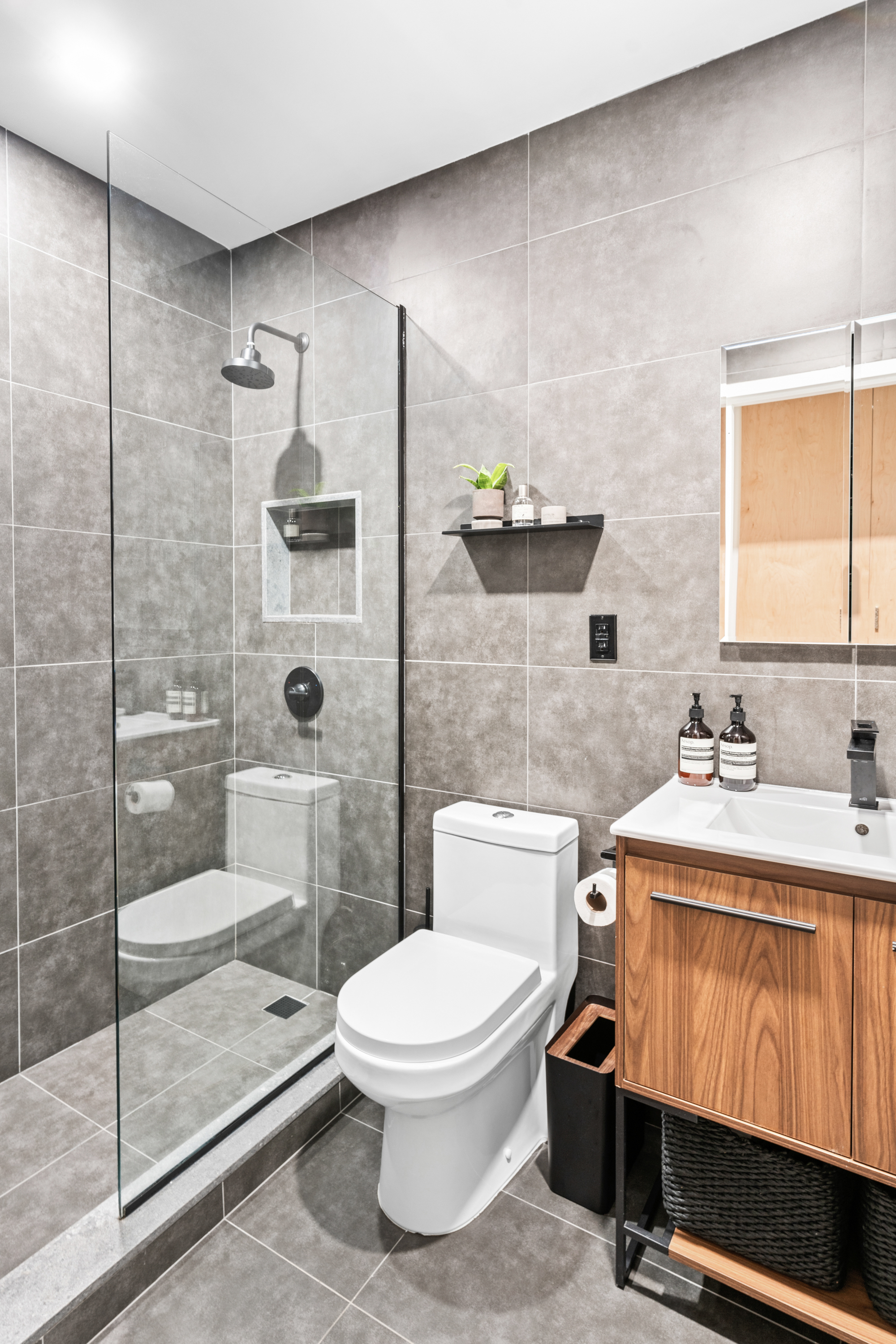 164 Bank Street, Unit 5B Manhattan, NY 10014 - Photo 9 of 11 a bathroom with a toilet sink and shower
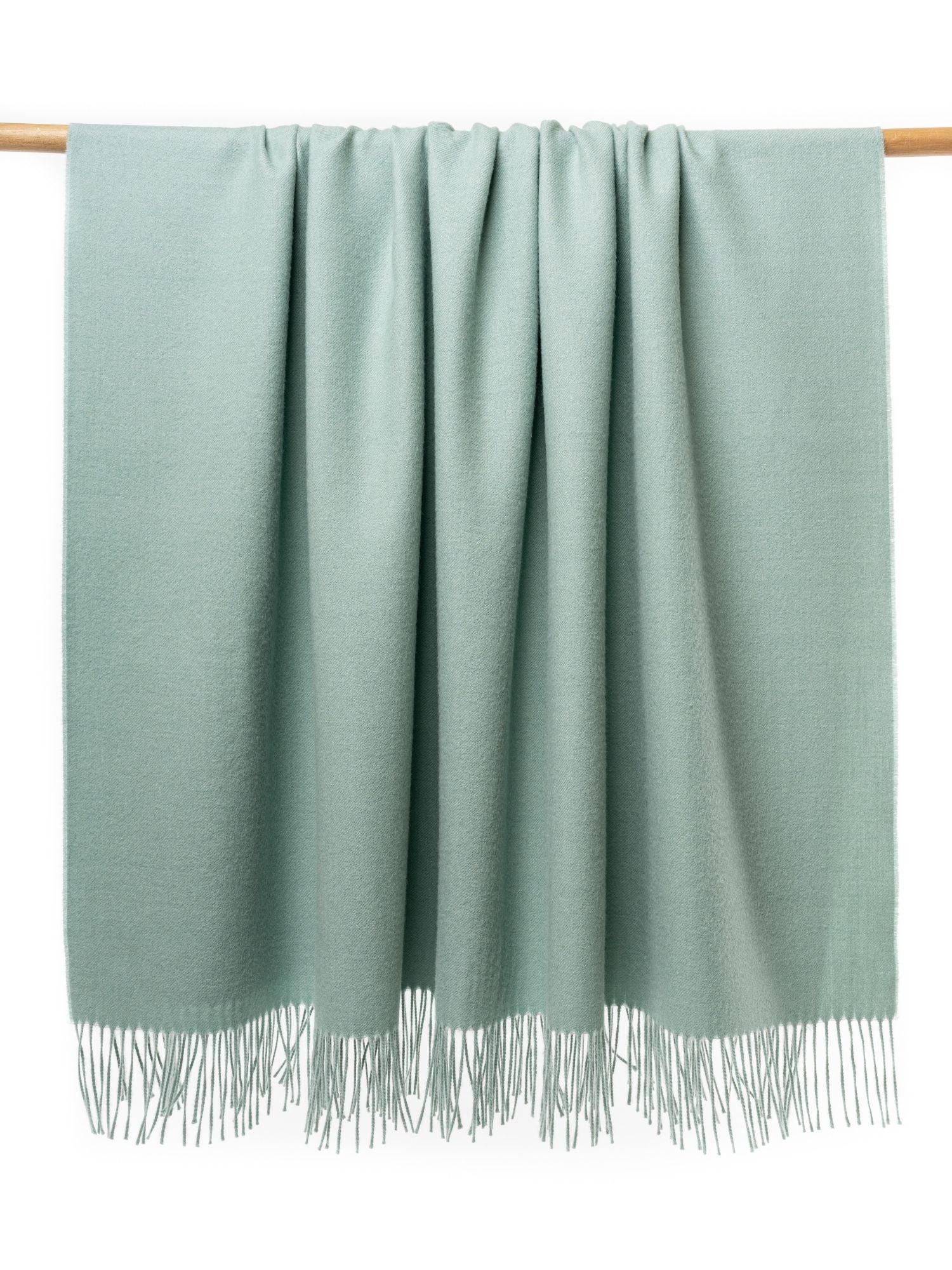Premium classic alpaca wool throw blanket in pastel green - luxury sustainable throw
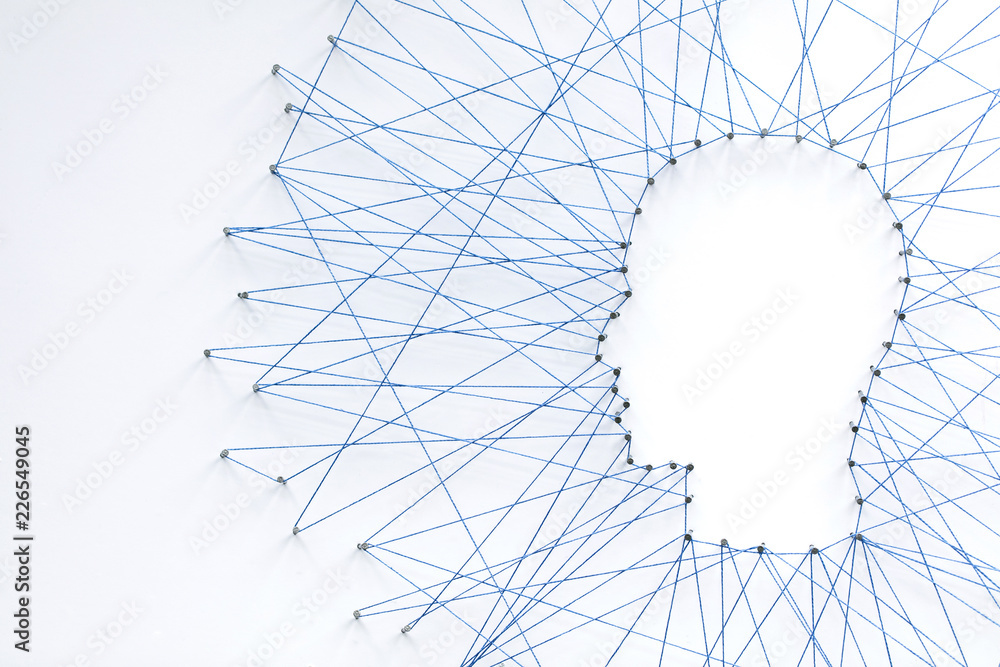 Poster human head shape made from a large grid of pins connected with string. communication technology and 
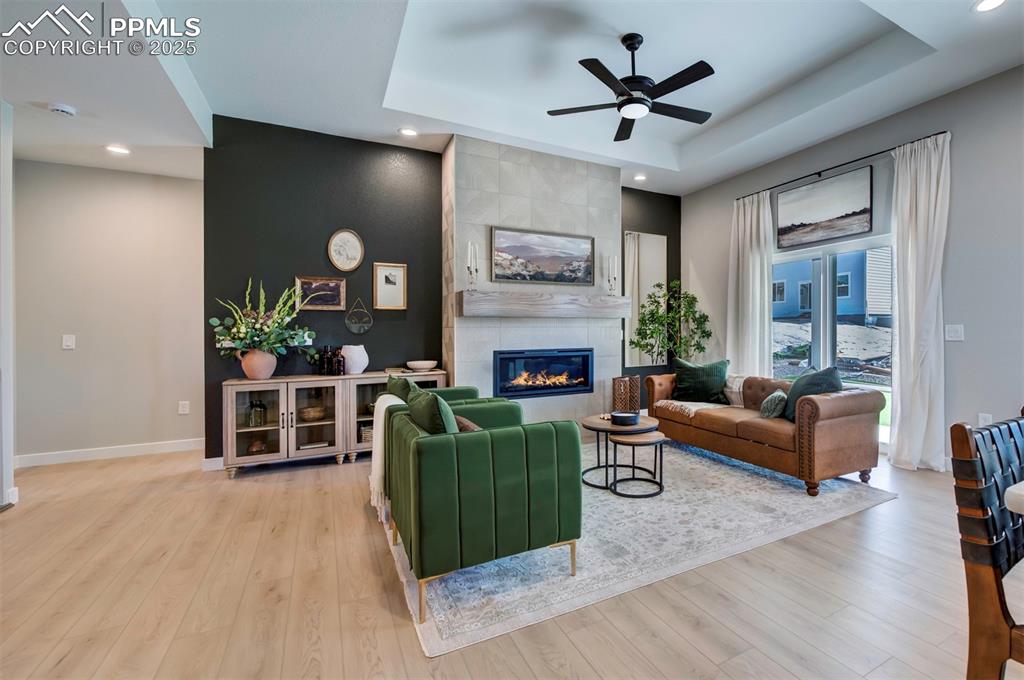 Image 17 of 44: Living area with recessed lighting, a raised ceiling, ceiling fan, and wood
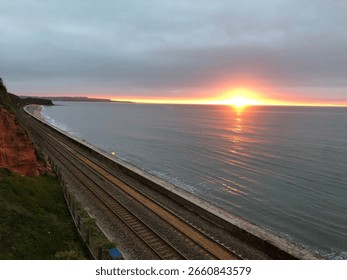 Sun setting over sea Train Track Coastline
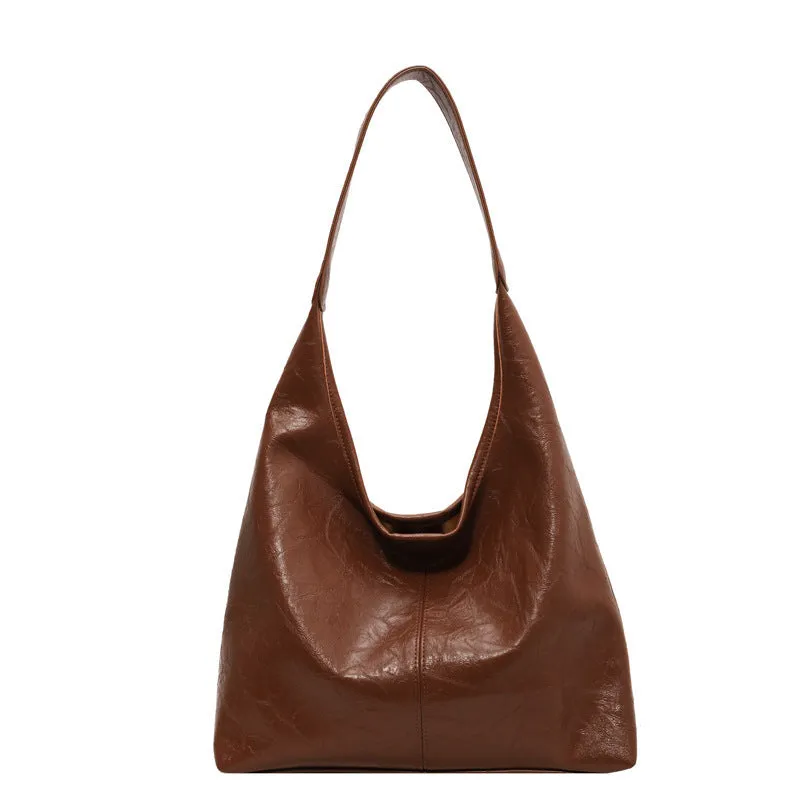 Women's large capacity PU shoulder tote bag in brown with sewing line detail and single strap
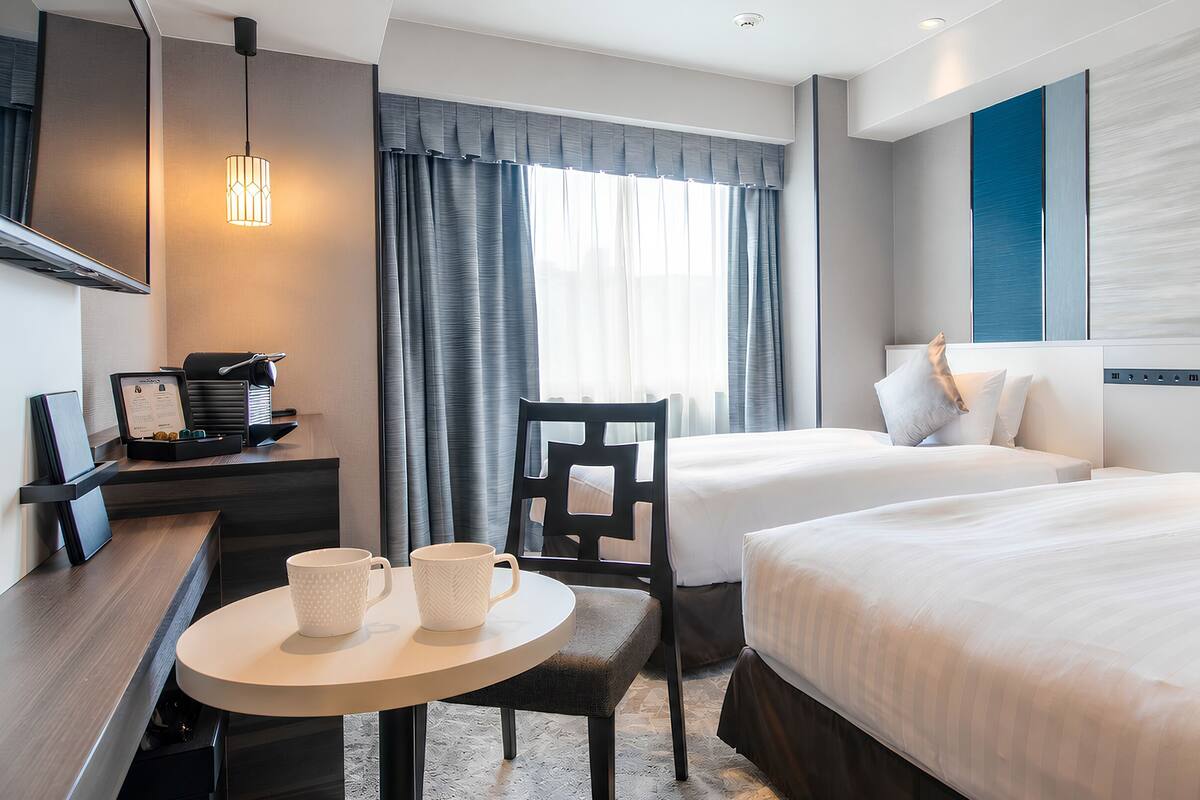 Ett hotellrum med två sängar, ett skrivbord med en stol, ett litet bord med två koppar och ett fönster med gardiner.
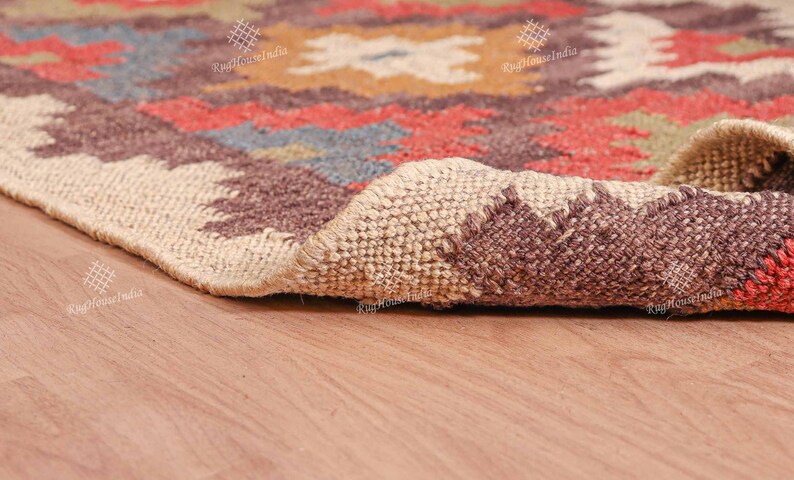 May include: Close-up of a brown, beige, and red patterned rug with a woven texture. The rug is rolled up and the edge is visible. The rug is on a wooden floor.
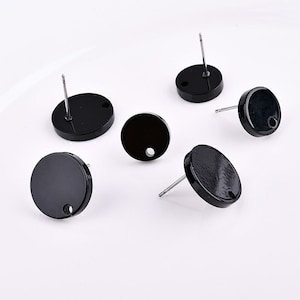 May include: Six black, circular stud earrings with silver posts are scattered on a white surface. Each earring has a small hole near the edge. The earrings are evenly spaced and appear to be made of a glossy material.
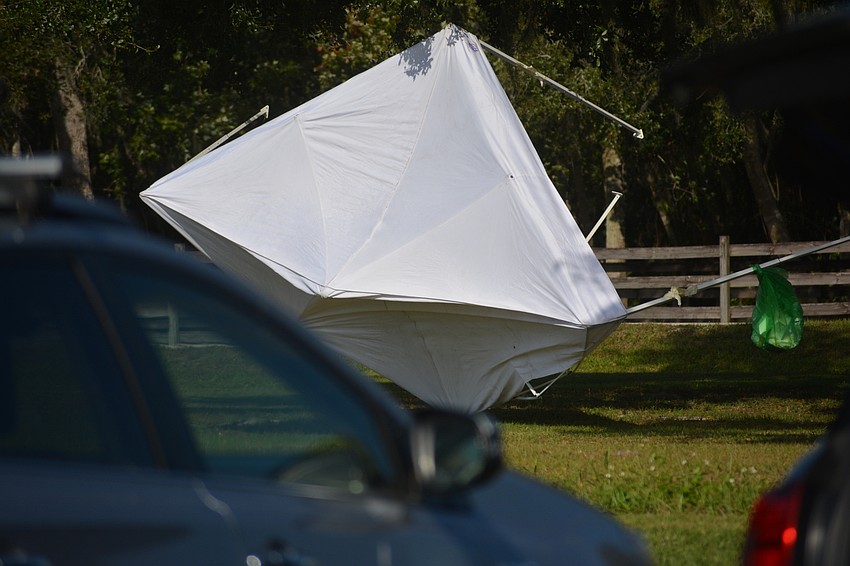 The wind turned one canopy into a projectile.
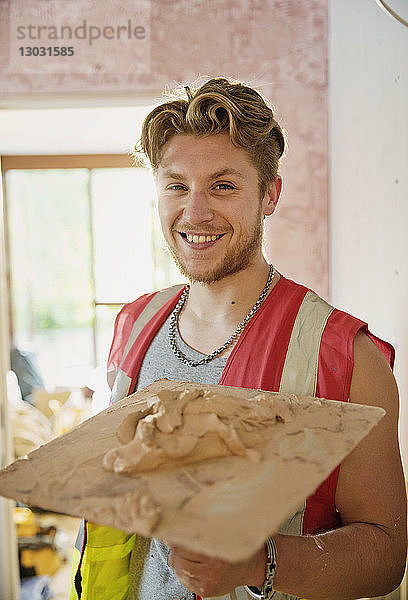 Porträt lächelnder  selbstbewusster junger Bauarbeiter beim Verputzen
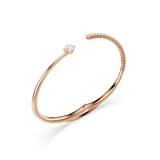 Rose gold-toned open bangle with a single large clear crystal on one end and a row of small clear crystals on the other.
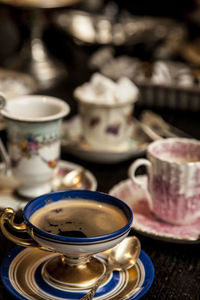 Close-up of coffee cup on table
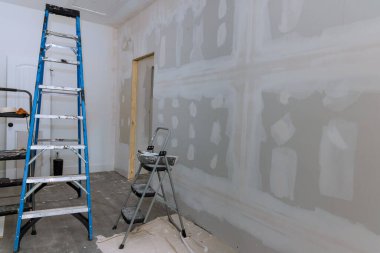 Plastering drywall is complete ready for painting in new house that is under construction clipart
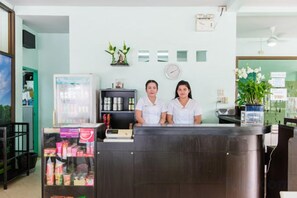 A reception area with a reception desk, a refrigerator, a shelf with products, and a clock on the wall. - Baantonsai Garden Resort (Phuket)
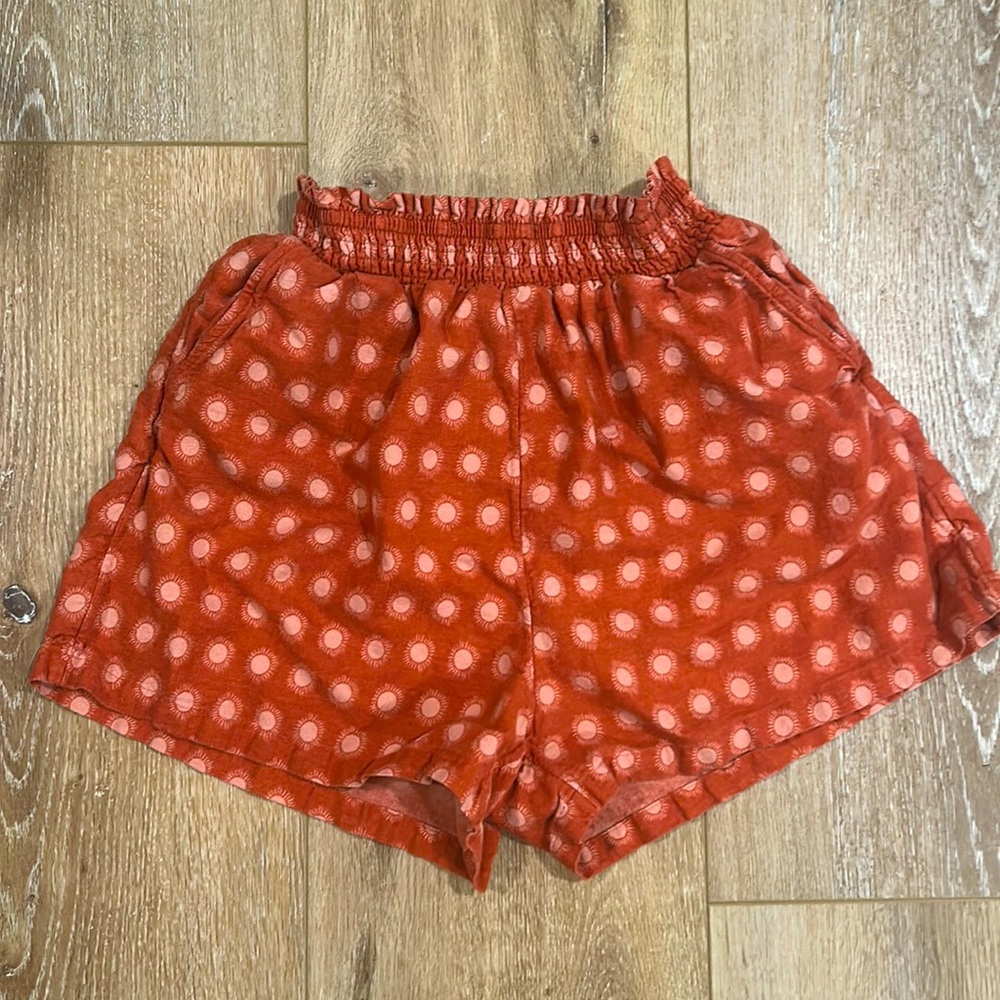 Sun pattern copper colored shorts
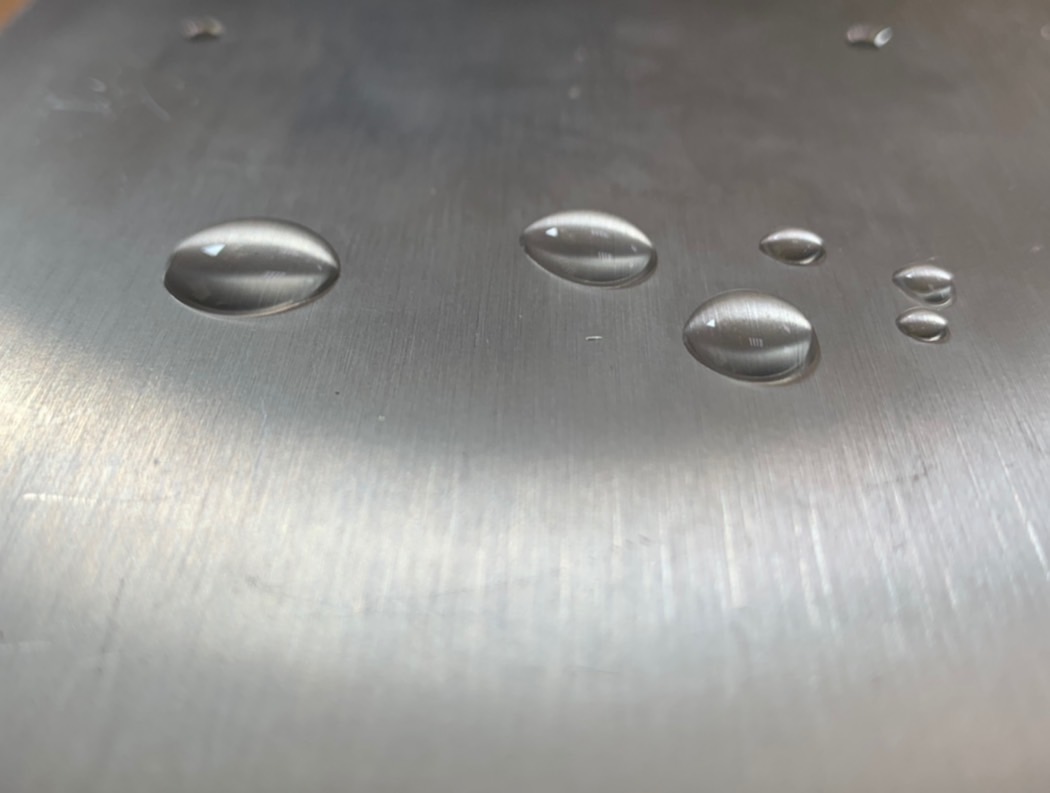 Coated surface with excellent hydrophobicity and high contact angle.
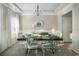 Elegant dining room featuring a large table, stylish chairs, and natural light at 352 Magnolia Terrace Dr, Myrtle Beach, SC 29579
####################
EXERCISE BRIEF:
What you give back must be exactly the lines from the opening line of the entries through the line holding "Poster human head", with no pictures.

EXPECTED OUTPUT:
 164 Bank Street, Unit 5B Manhattan, NY 10014 - Photo 9 of 11 a bathroom with a toilet sink and shower
Premium classic alpaca wool throw blanket in pastel green - luxury sustainable throw
 Poster human head shape made from a large grid of pins connected with string. communication technology and 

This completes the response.